**TASK PROMPT:**
Don't include any picture when you restate the data word for word.

GIVEN DATA section start

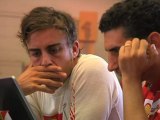 Ferrari: Intervista a Stefano Domenicali alla vigilia del GP di Italia 2012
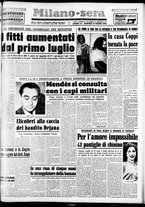 giornale/CFI0358491/1954/Giugno/93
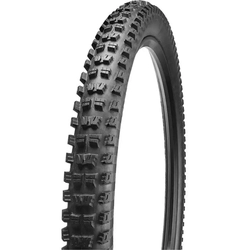 Pneu Specialized Butcher BLCK DMND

GIVEN DATA section end

**ANSWER TO THIS TASK:**
 Ferrari: Intervista a Stefano Domenicali alla vigilia del GP di Italia 2012
 giornale/CFI0358491/1954/Giugno/93
 Pneu Specialized Butcher BLCK DMND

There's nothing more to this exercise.